I have stopped playing with him when he won't bring it back, tried treats, and tried tons of praise but none of it is no good.

Any ideas?


----------



## SuperV (Oct 18, 2011)

couple thoughts....

1. Put a check chord on him, so you can grab it and reel him into to you adn thereby eliminate the potential for him to run off....try meeting him at the waters edge so he can't run off....

2. He may think for some reason (i.e. past experiences) that every time he brings you something you take it away, so be cognizant of that and when he brings it to you, let him hold on to it while you offer tons of praise.

Nate


----------



## austin03 (Feb 19, 2014)

SuperV said:


> couple thoughts....
> 
> 1. Put a check chord on him, so you can grab it and reel him into to you adn thereby eliminate the potential for him to run off....try meeting him at the waters edge so he can't run off....
> 
> ...


Thanks for the Reply! I have tried the check cord thing and we have done that for hours and right when he gets off the check cord he goes back to how he was. Also, even when on the check cord its pretty much forcing him to bring you it half the time. We have tried the waters edge one and cut him off but instead he just turns the opposite way or runs straight up the hill, drops it and rans back in the water. haha. 

We also are very persistent on praising him when he brings us the toy and never just take toys from him when he brings them to us. We let him play with them for a second so he doesnt think we are just going to take it.

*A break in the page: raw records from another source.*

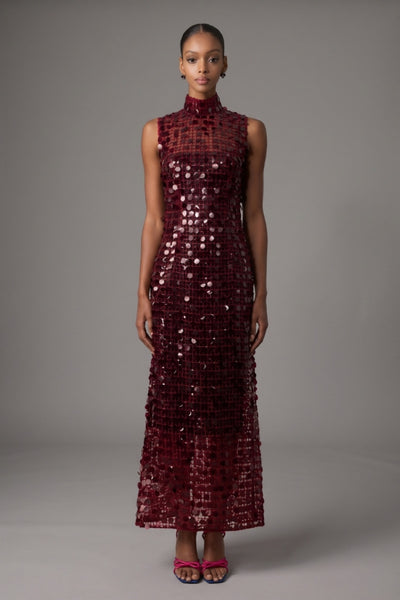 Red - Burgundy Sequin High Neck Maxi Dress by Skye&Iris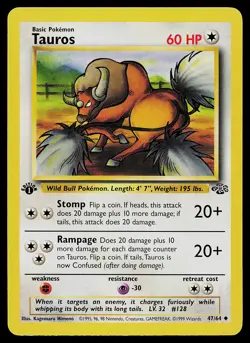 Pokemon Card - Tauros 1st Edition Jungle 47/64 Uncommon - Image 1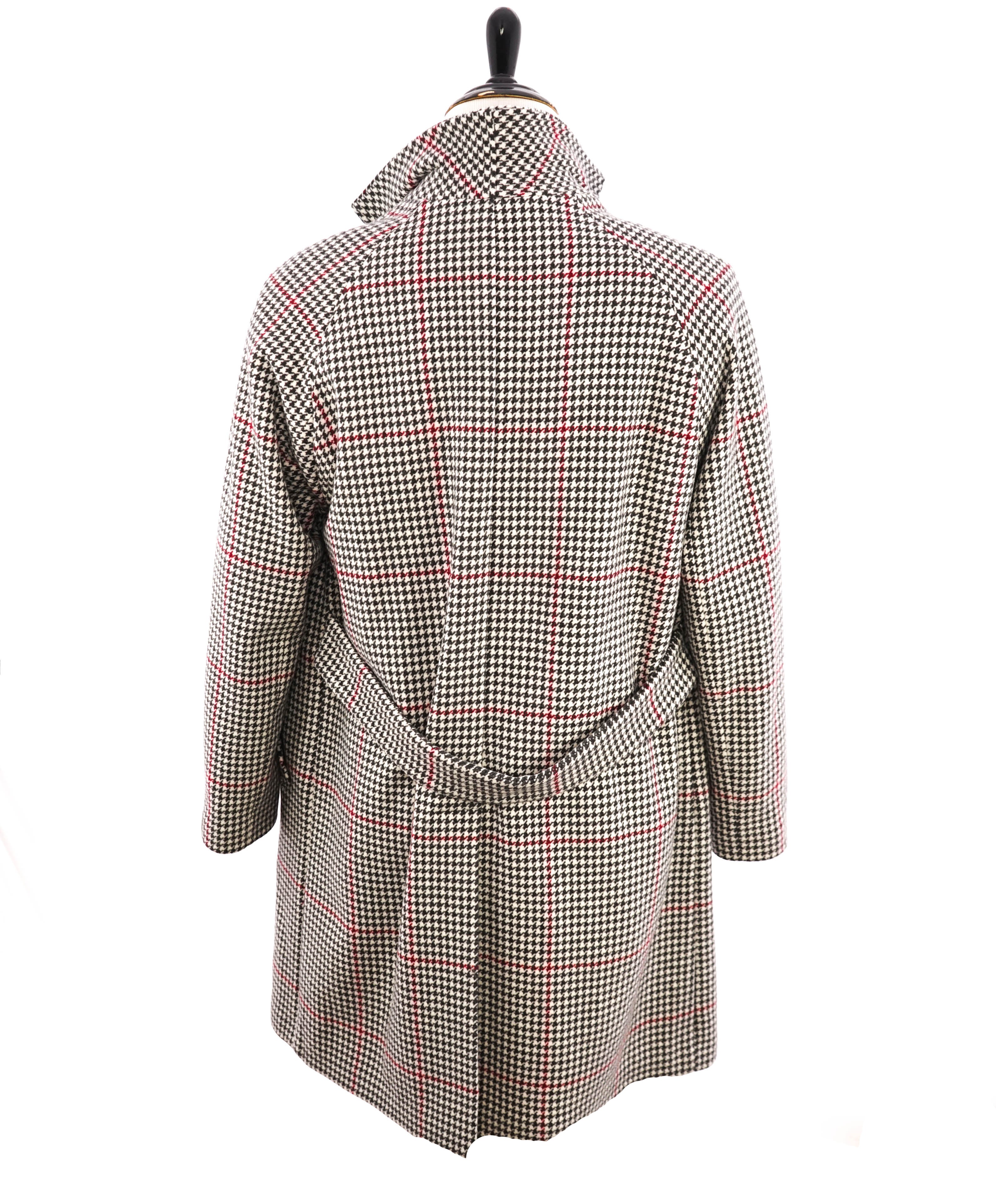 $2,250 ELEVENTY - Ivory/Black/Red Houndstooth CASHMERE/Wool Coat - 38R (48 EU)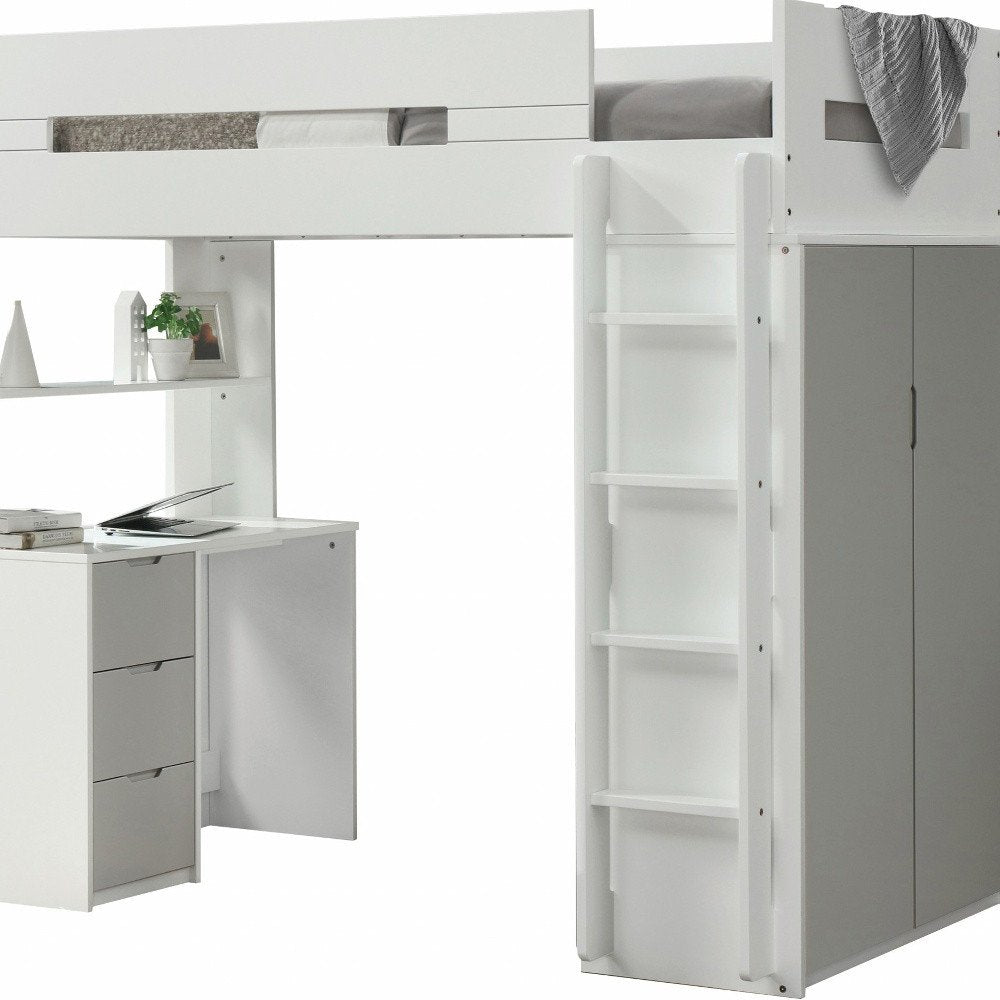 White And Gray Twin Loft Bed And Desk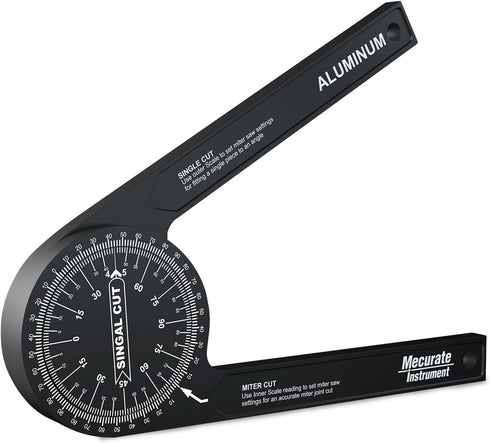 Mecurate Aluminum Miter Saw Protractor, 7.3-Inch Angle Finder Featuring Precision Laser Engraved Scales Woodworking Lightning Measure Tool with 36...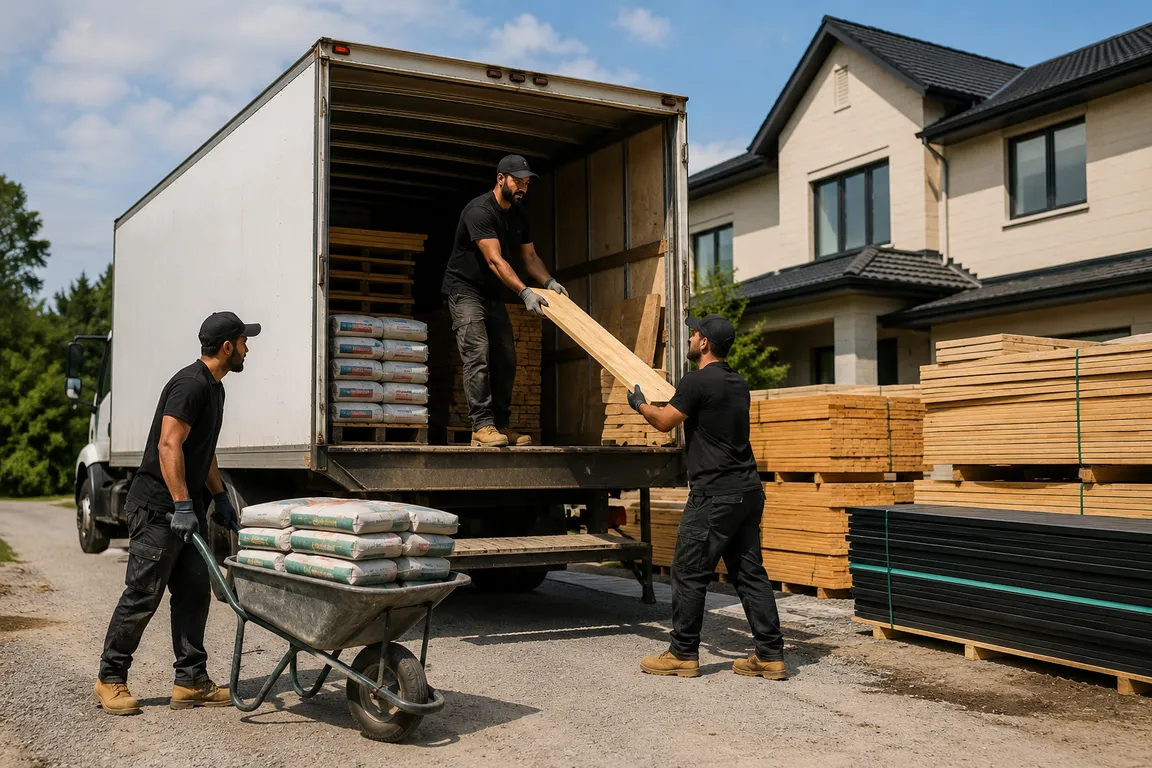 Crew transporting materials for a property improvement project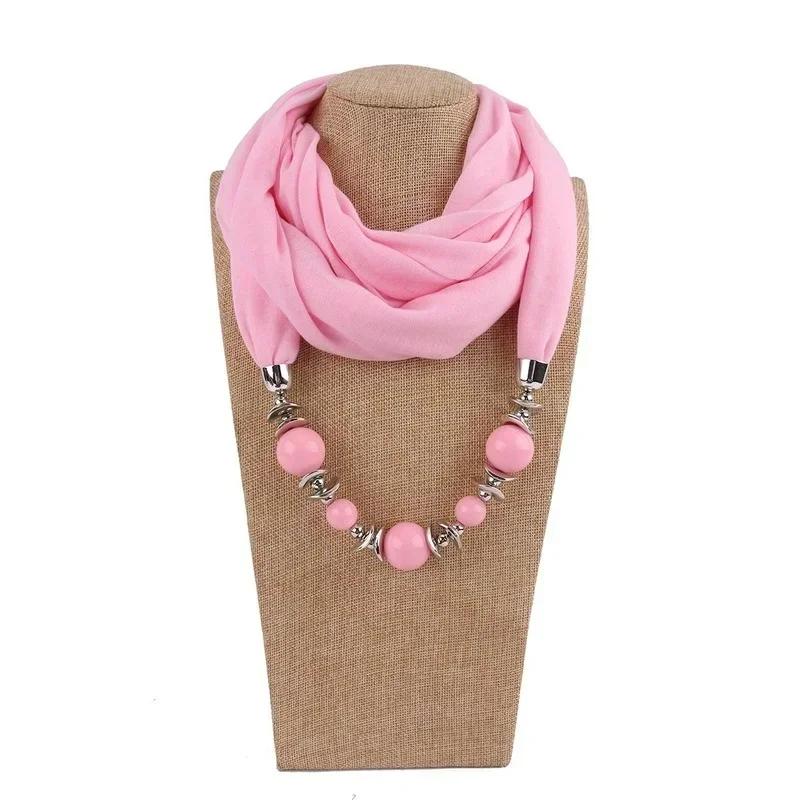 Fashion Vintage Scarf Necklace Ethnic Chiffon Solid Color Tassel Gorgeous Beaded Pendant Jewelry Necklace Scarf Accessories Gift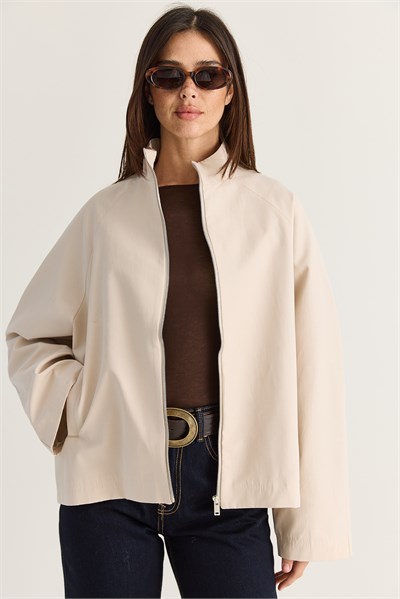 Kadın Oversize Dik Yaka Fermuarlı Reglan Kol A Kesim Kısa Trençkot 2100 60286511 - Bej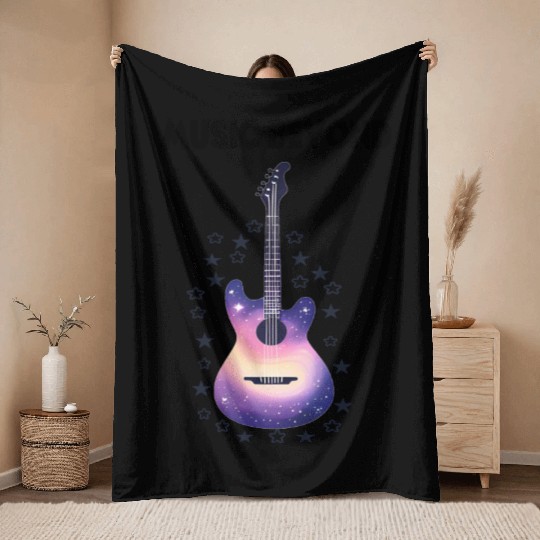 Music Beyond - Guitar Throw Blankets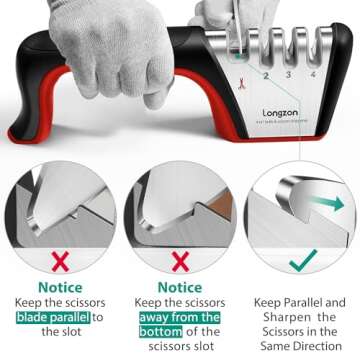 Longzon 4-in-1 Knife Sharpener [4 Stage] with a Pair of Cut-Resistant Glove, Original Premium Polish Blades, Best Kitchen Knife Sharpener Really Works for Ceramic and Steel Knives, Scissors.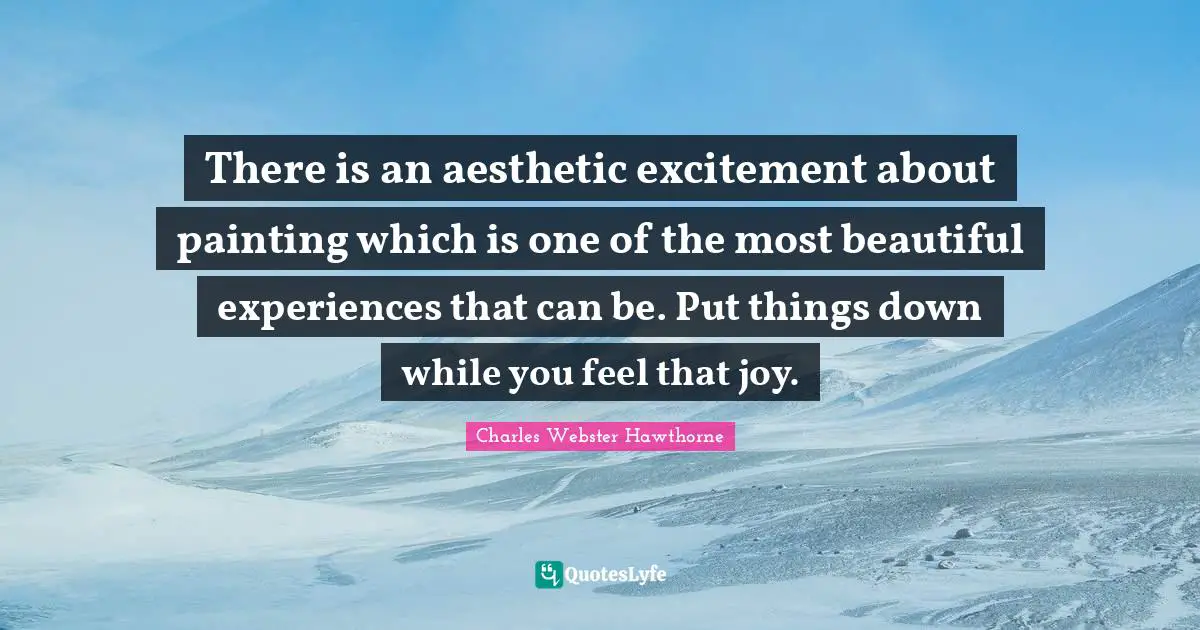 Charles Webster Hawthorne Quotes: "There is an aesthetic excitement about painting which is one of the most beautiful experiences that can be. Put things down while you feel that joy."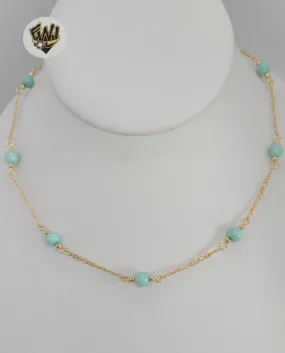 (1-3902-K) Gold Laminate - 6mm Turquoise Beads Necklace - BGF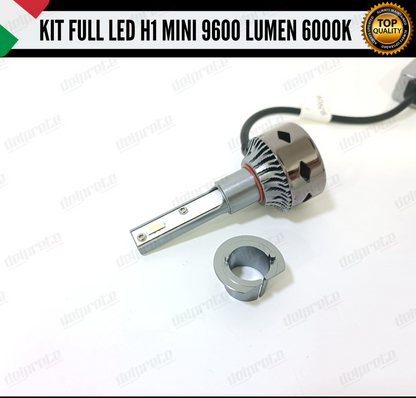 KIT LED H1 MINI FULL LED 6000K XENON CANBUS 9600 LUMEN REALI NO ERROR AUTO MOTO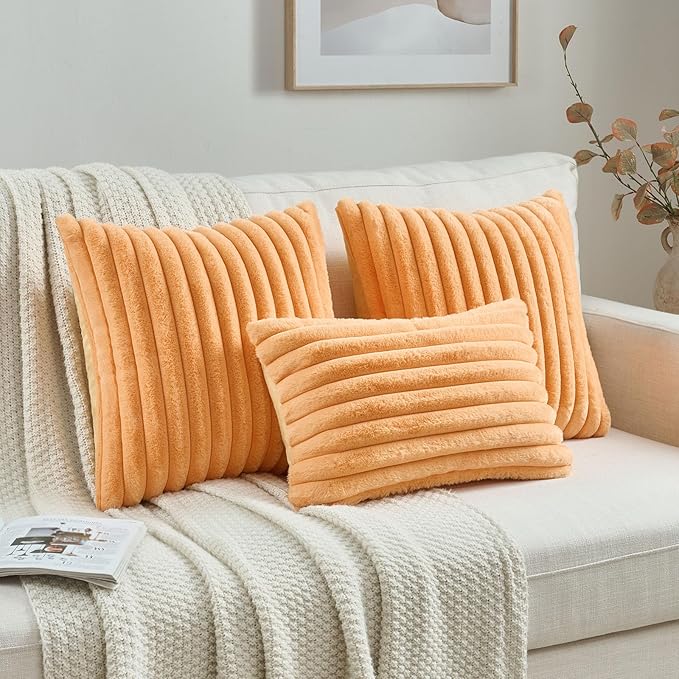 FUTEI Orange Decorative Throw Pillow Covers Set of 2, 12x20 Inch Soft Fluffy Faux Fur Plush Striped Lumbar Pillowcases, Modern Home Decor for Couch Bed Living Room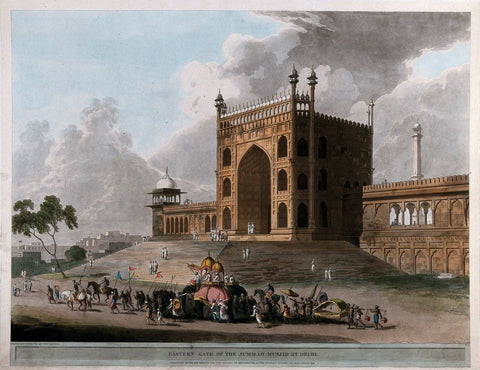 Eastern gate of the Jami Masjid at Delhi - Coloured Aquatint - Thomas Daniell - 1795 Vintage Orientalist Paintings of India - Life Size Posters
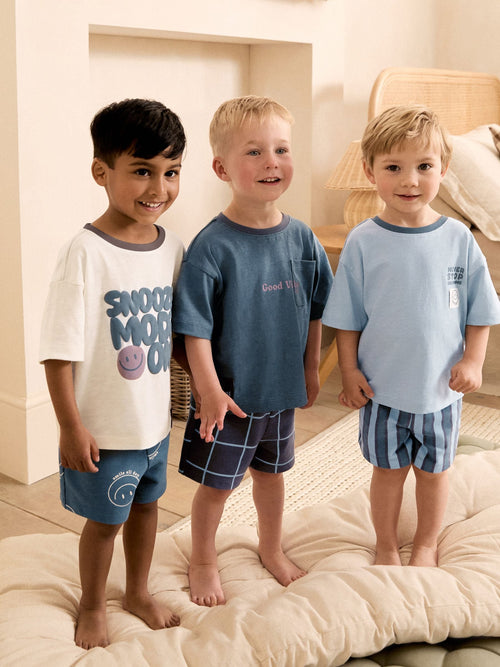 Grey /Ecru Slogan Short Pyjamas 3 Pack (9mths-12yrs)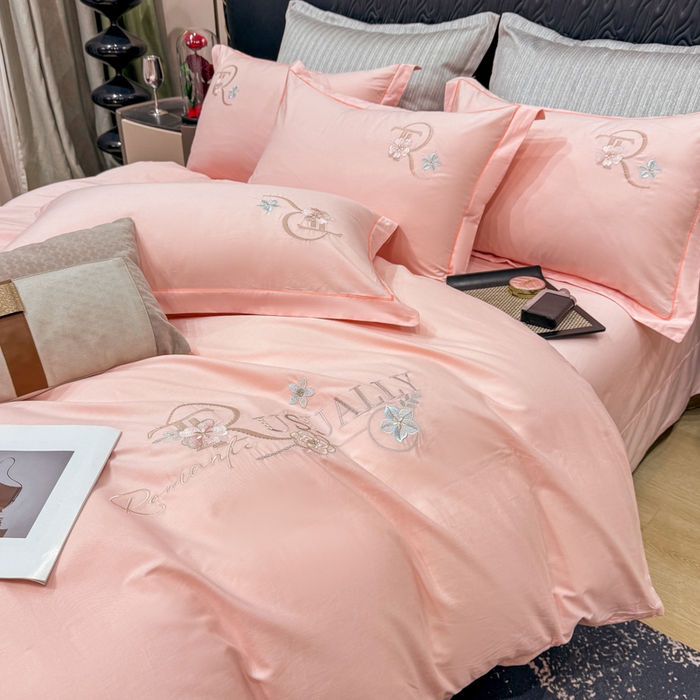 91家纺网 家纺一手货源 找家纺 昊翔家纺 2026全棉纯棉刺绣花四件套40支长绒棉100% 棉礼盒包装 春妍-浅玉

He is too smart for his own good I think!


----------



## SuperV (Oct 18, 2011)

My initial thought then is stick with the check chord routine until it finally registers with him, that bringing you the object is the only outcome of the exercise...

Yes these dogs have the uncanny ability of outsmarting there owners....There has been more than one time where I find myself saying.."...remember, I am the smarter being....(I think)" 

Nate


----------